[Start of section]

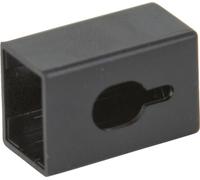 Hansa - 59904778 Housse axe Cartouche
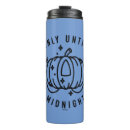 Search for princess carriage mugs Royalty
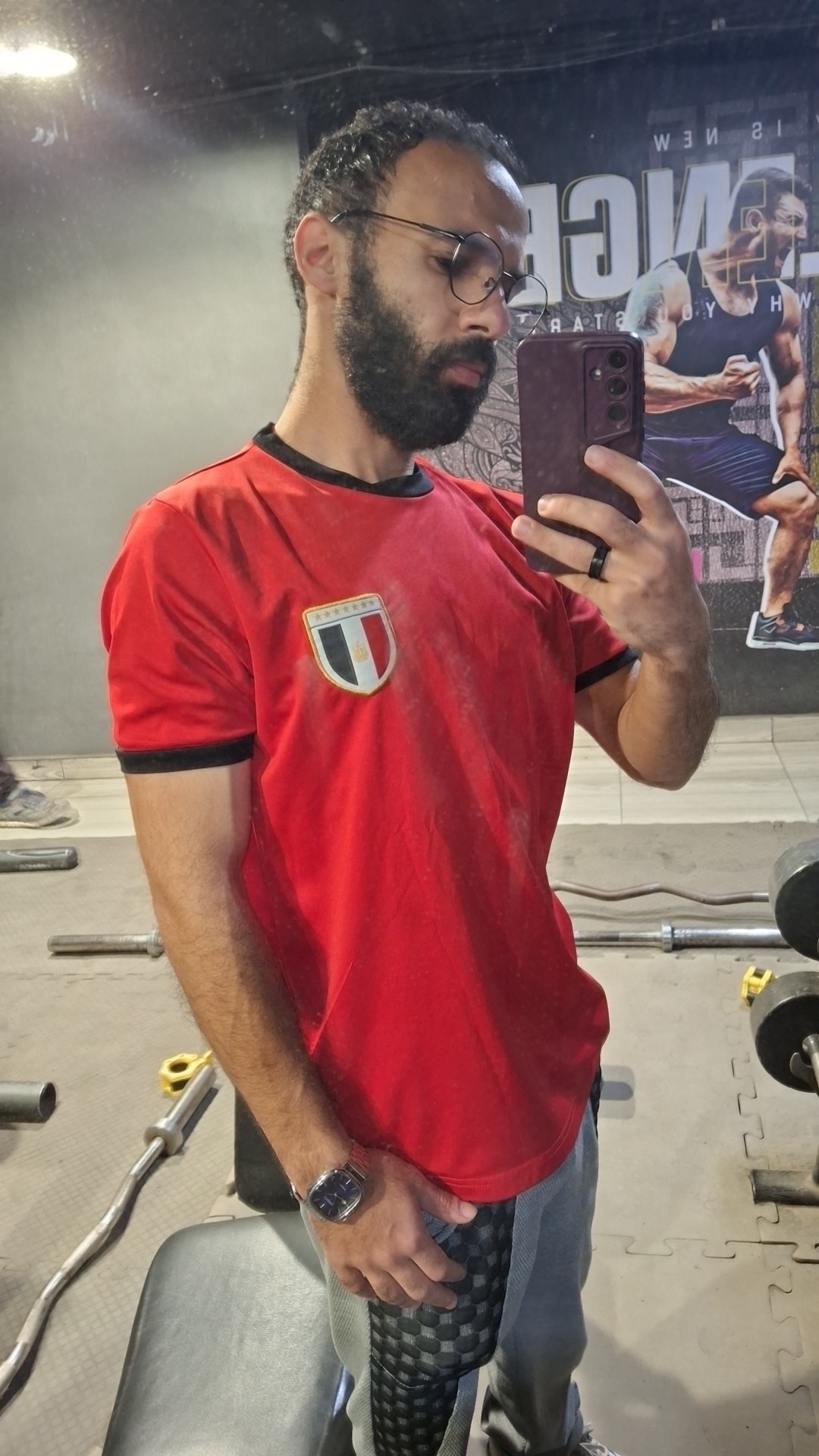 Mohamed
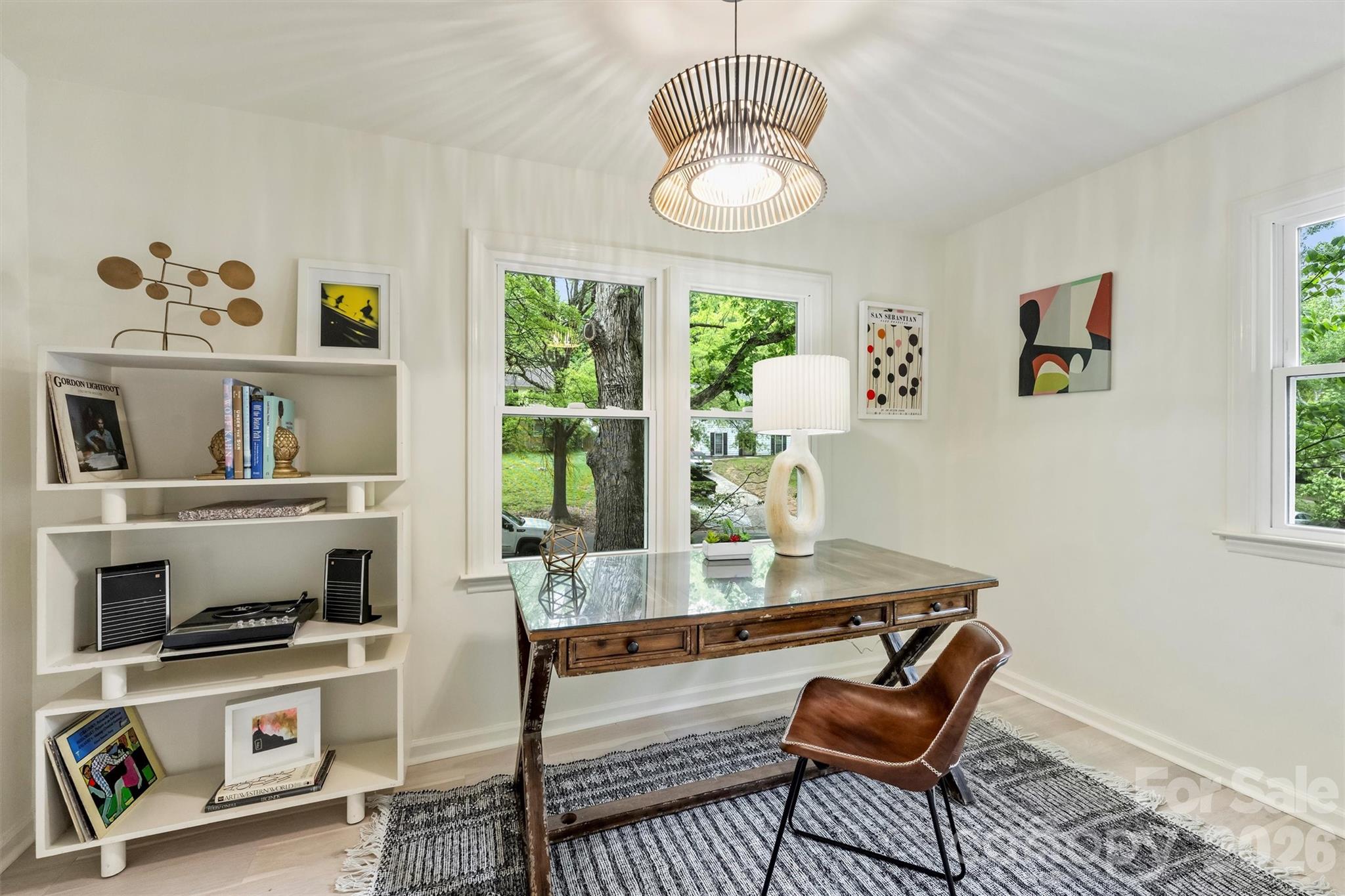 7506 Kilcullen Drive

[End of section]

Write out the listing above in full, word for word, with no pictures.

 Hansa - 59904778 Housse axe Cartouche
 Search for princess carriage mugs Royalty
 Mohamed
 7506 Kilcullen Drive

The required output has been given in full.